English linguist (born 1956)

Susan Ann Price, (born 1956 in South Shields) is a British academic, previously the Vice-Chancellor of Leeds Beckett University, Leeds, West Yorkshire, a position which she took up on 1 January 2010 following the resignation of Simon Lee in January 2009. Price was Acting Vice-Chancellor of the University of East London, to which office she was appointed in 2008 after having been Deputy Vice-Chancellor from 2007 and previously Pro Vice-Chancellor from 2002.

According to The Guardian newspaper, Susan Price is known as a "supporter of widening participation and newer universities."

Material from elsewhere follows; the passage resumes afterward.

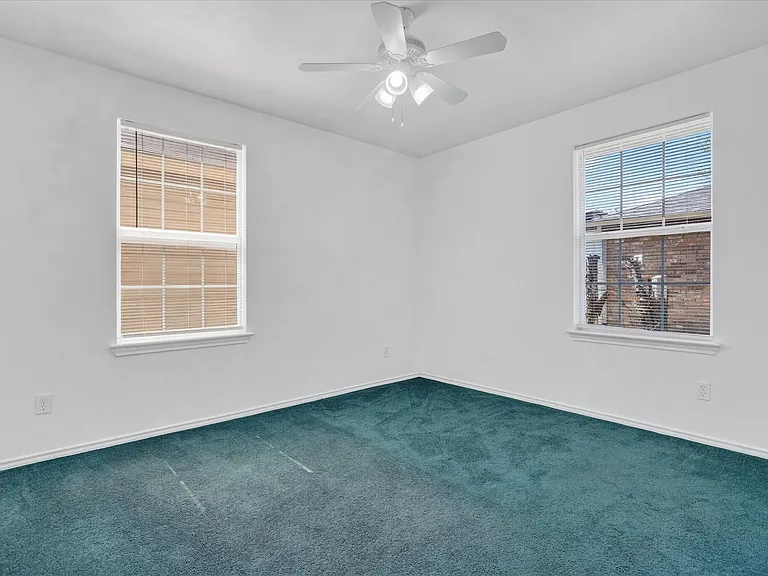 509 W Cedar St — Photo 13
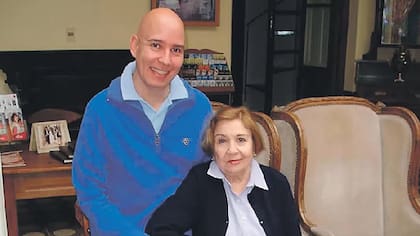 Roberto Guzmán Jaque y su madre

Price graduated from the University of Salford with a first class degree (BSc) in Modern Languages, and also has a PhD in Linguistics from Salford and UCL and obtained the degree of MBA from the University of Bradford. She has held academic posts at Bradford and the University of the West of England. She is a Fellow of the Chartered Institute of Linguists. According to Leeds Beckett University website, Professor Price speaks six European Languages including French, Spanish and Romanian. In December 2011 it was revealed that Price had earned a listing in the latest edition of Who's Who.

She was appointed Commander of the Order of the British Empire (CBE) in the 2016 New Year Honours for services to higher education.